### What you should do
The entries below should be repeated exactly, with no pictures carried over.

(Data supplied begins)

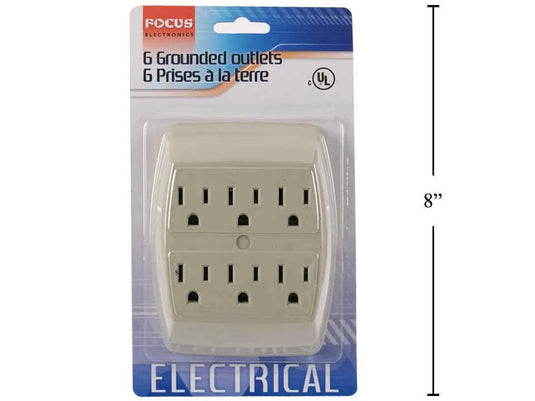 Focus Elect. 6 Grounded Outlets, CUL UL, blister card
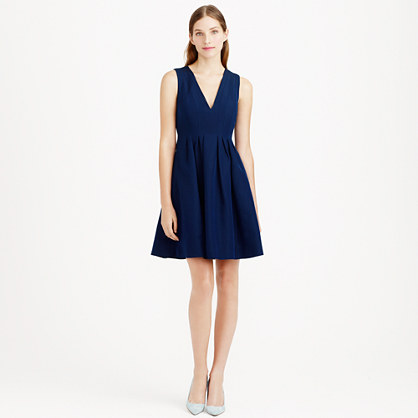 J.Crew SOPHIE DRESS IN CLASSIC FAILLE item a1440 in Haven Blue Bridesmaid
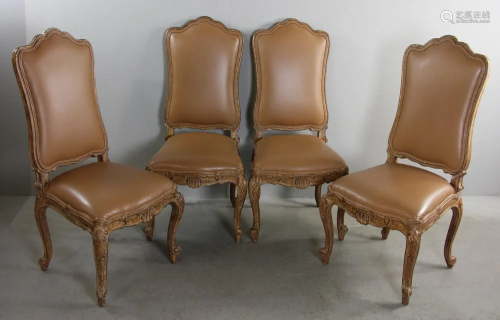 Set of Four Custom French Chairs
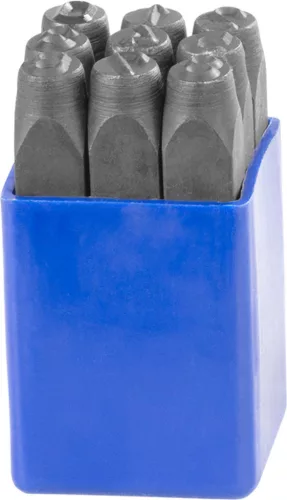 Beütőkészlet számok HR59207, számjegy magasság 8 mm, 123, 9 db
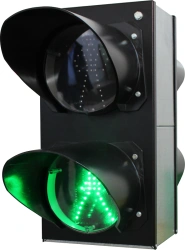 LED traffic light head for pedestrian signalling NKMR.676636.064TU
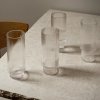 ferm LIVING Pohár na long drink RIPPLE číra 4 x 300 ml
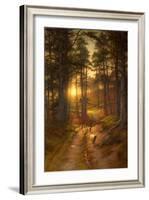 The Sun Fast Sinks in the West-Joseph Farquharson-Framed Giclee Print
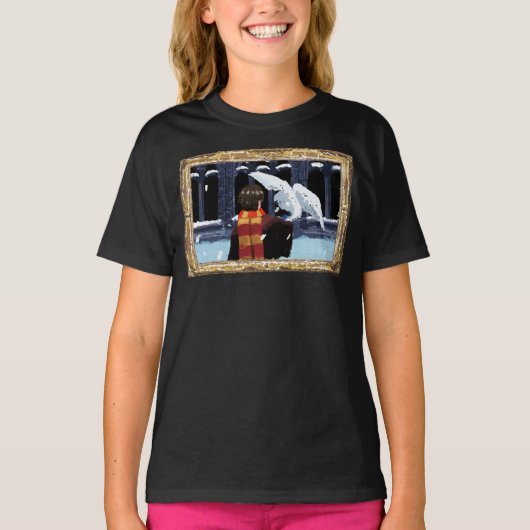 HARRY POTTER™ & Hedwig in de sneeuw T-shirt (Voorkant)
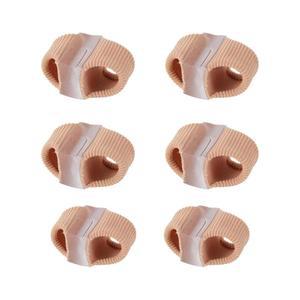 겹치는 여성 남성을 위한 Gosknor 6pcs 실리콘 발가락 분리기, 발용 루프 2개가 있는 2사이즈 컬링 빅 스페이서 교정기, 해머 스트레이트너 스플린트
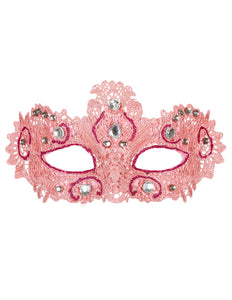 Widmann SRL Antiek roze Venetiaanse oogmaskertjes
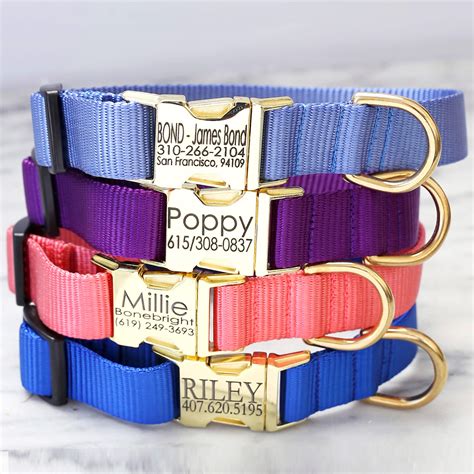 Personalized, Embroidered Dog Collars - Mimi Green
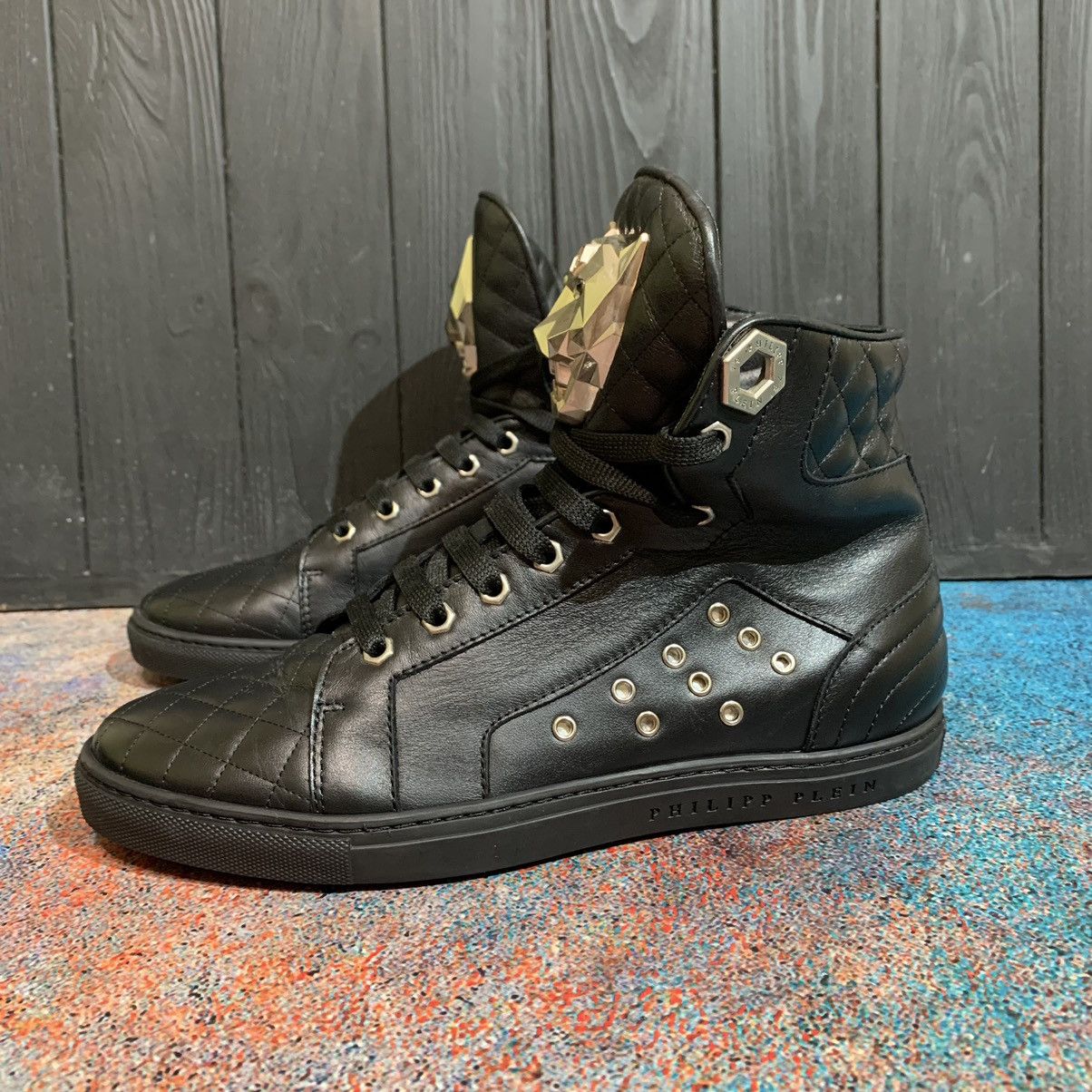 Philipp Plein Philipp Plein Women’s Leather Sneakers Size 38 Size US 8 / IT 38 - 4 Thumbnail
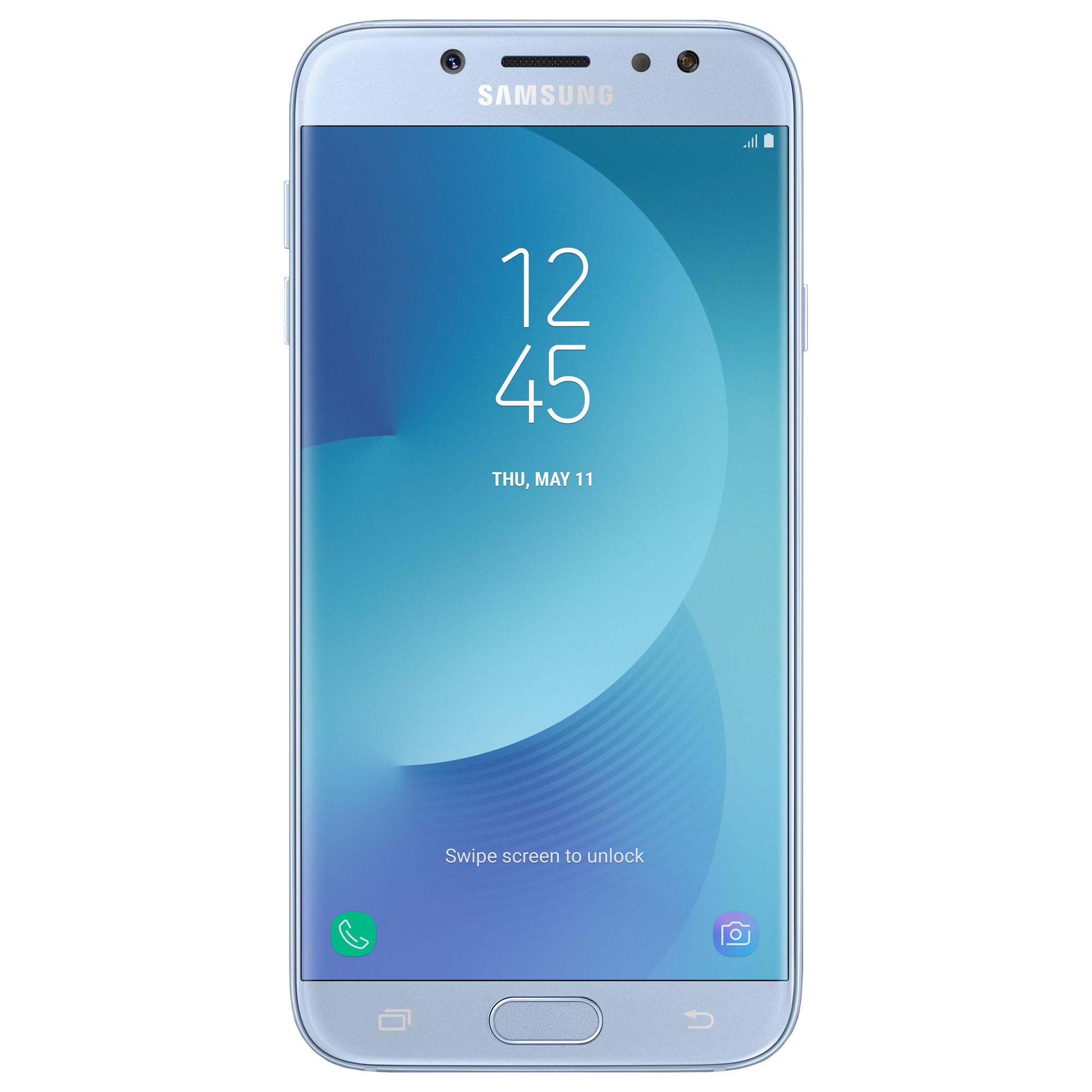 Samsung Galaxy J7 2017 smarttelefon (sølvblå) - Elkjøp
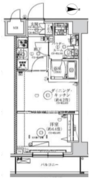 レアライズ赤羽イースト 202 間取り図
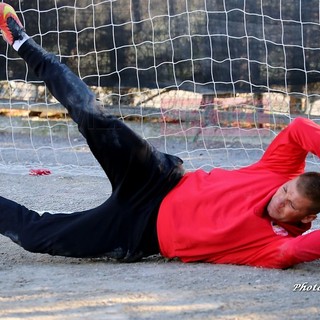 Giuseppe Messina, portiere del Don Bosco Valle Intemelia, miglior portiere in questi primi quattro mesi di campionato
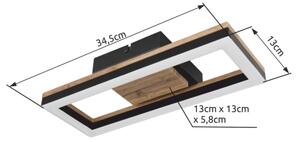 Brilagi - Plafonieră LED AXIS LED/12W/230V
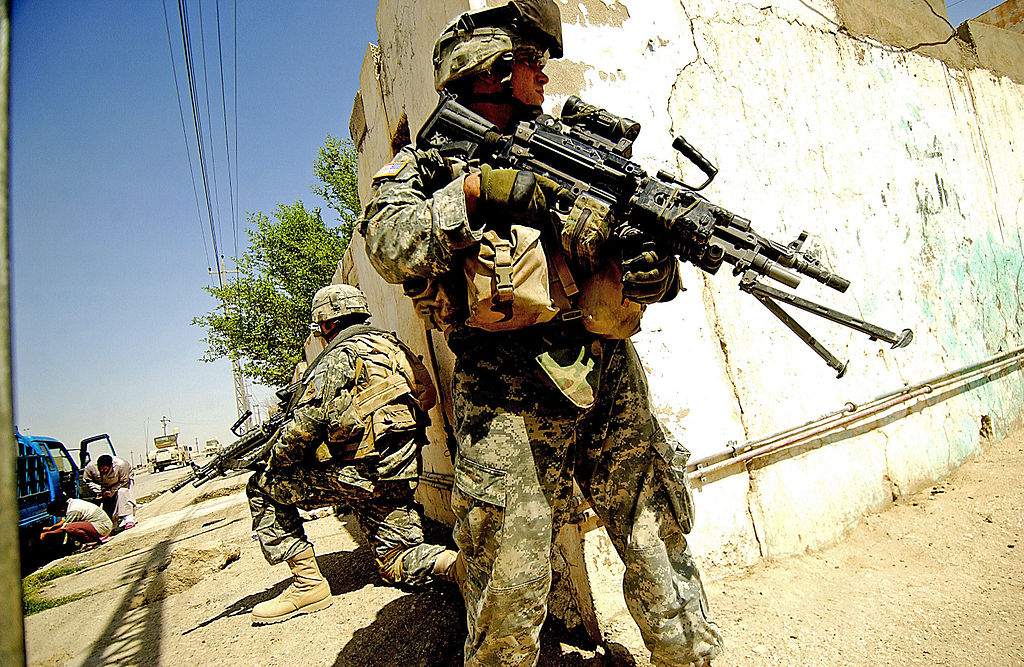 U.S. soldiers in Ramadi, Iraq, 16 August 2006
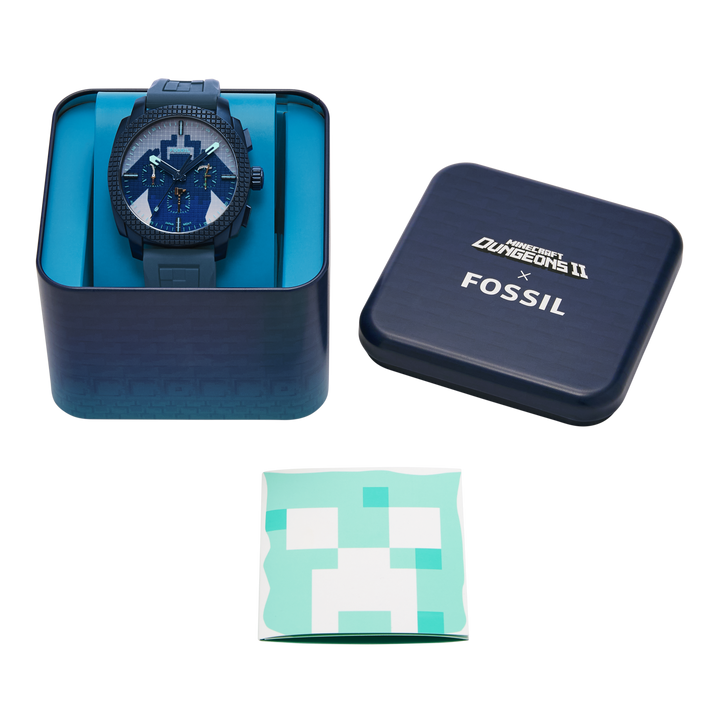 Fossil Men's Minecraft x Fossil Limited-Edition Dungeons II 44mm Watch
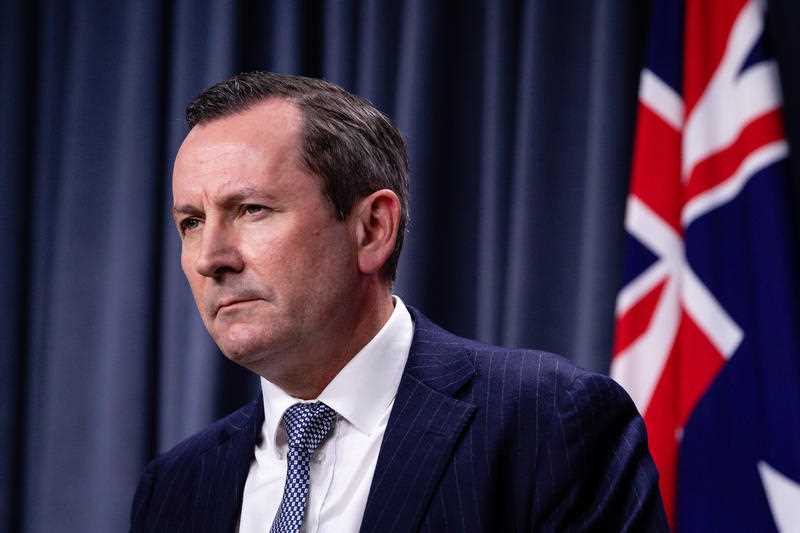 WA Premier Mark McGowan speaks to the media during a press conference in Perth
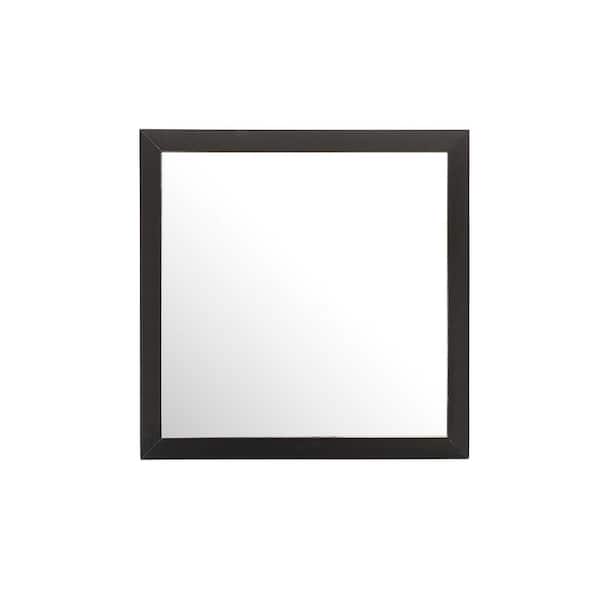 41 in. x 41 in. Classic Square Wood Framed Dresser Mirror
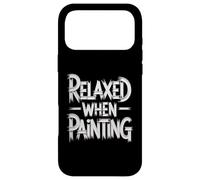 Relaxed When Painting Thérapie Artistique paisible Coque pour iPhone 17 Pro Max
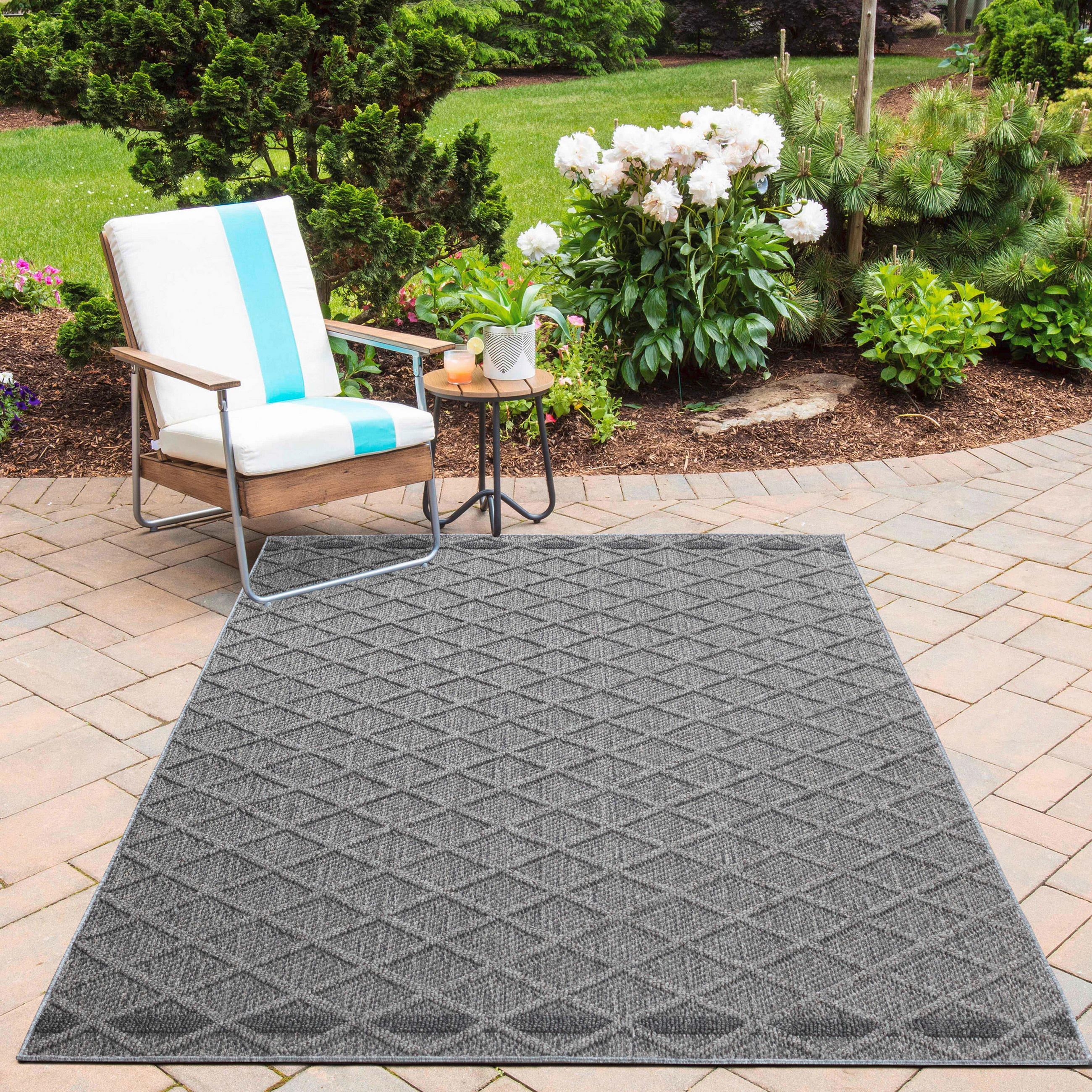OUTDOORTEPPICH 120/170 cm Patara Grau  - Grau, Design, Textil (120/170cm) - Novel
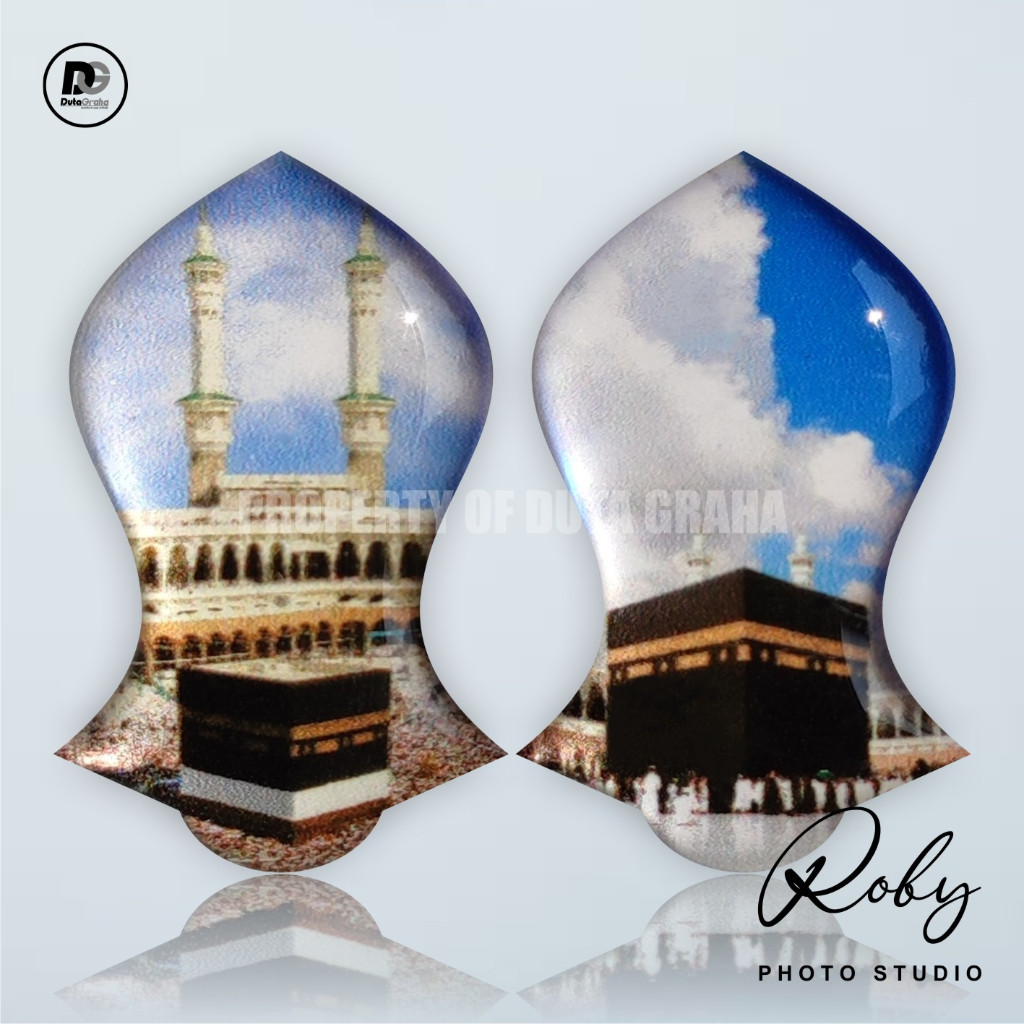 Jual [TEROMPAH] MAKKAH Pin Bros Aksesoris Souvenir HIJAB KA'BAH HAJI ...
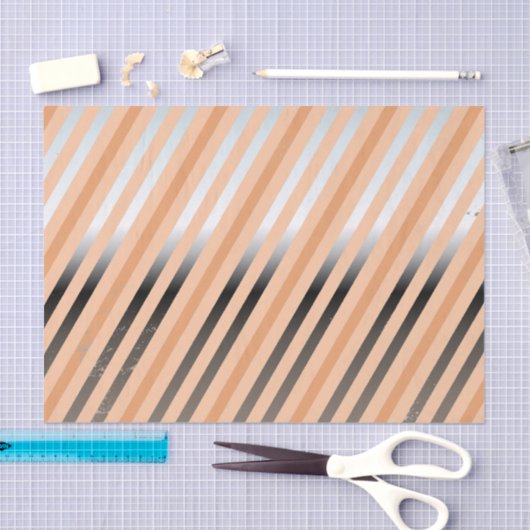 Zilver, perzikpapier, koraaldiagonaal, strippapier tissuepapier (Craft)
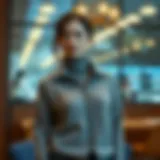 Elegant zipped collar sweater on a stylish backdrop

(Data supplied ends)

### Reply
 Focus Elect. 6 Grounded Outlets, CUL UL, blister card
 J.Crew SOPHIE DRESS IN CLASSIC FAILLE item a1440 in Haven Blue Bridesmaid
 Set of Four Custom French Chairs
 Beütőkészlet számok HR59207, számjegy magasság 8 mm, 123, 9 db
 LED traffic light head for pedestrian signalling NKMR.676636.064TU
 ferm LIVING Pohár na long drink RIPPLE číra 4 x 300 ml
 The Sun Fast Sinks in the West-Joseph Farquharson-Framed Giclee Print
 HARRY POTTER™ & Hedwig in de sneeuw T-shirt (Voorkant)
 겹치는 여성 남성을 위한 Gosknor 6pcs 실리콘 발가락 분리기, 발용 루프 2개가 있는 2사이즈 컬링 빅 스페이서 교정기, 해머 스트레이트너 스플린트
 Widmann SRL Antiek roze Venetiaanse oogmaskertjes
 Personalized, Embroidered Dog Collars - Mimi Green
 Philipp Plein Philipp Plein Women’s Leather Sneakers Size 38 Size US 8 / IT 38 - 4 Thumbnail
 Samsung Galaxy J7 2017 smarttelefon (sølvblå) - Elkjøp
 レアライズ赤羽イースト 202 間取り図
 Giuseppe Messina, portiere del Don Bosco Valle Intemelia, miglior portiere in questi primi quattro mesi di campionato
 Brilagi - Plafonieră LED AXIS LED/12W/230V
 U.S. soldiers in Ramadi, Iraq, 16 August 2006
 Fossil Men's Minecraft x Fossil Limited-Edition Dungeons II 44mm Watch
 WA Premier Mark McGowan speaks to the media during a press conference in Perth
 41 in. x 41 in. Classic Square Wood Framed Dresser Mirror
 Relaxed When Painting Thérapie Artistique paisible Coque pour iPhone 17 Pro Max
OUTDOORTEPPICH 120/170 cm Patara Grau  - Grau, Design, Textil (120/170cm) - Novel
 Jual [TEROMPAH] MAKKAH Pin Bros Aksesoris Souvenir HIJAB KA'BAH HAJI ...
 Zilver, perzikpapier, koraaldiagonaal, strippapier tissuepapier (Craft)
 Elegant zipped collar sweater on a stylish backdrop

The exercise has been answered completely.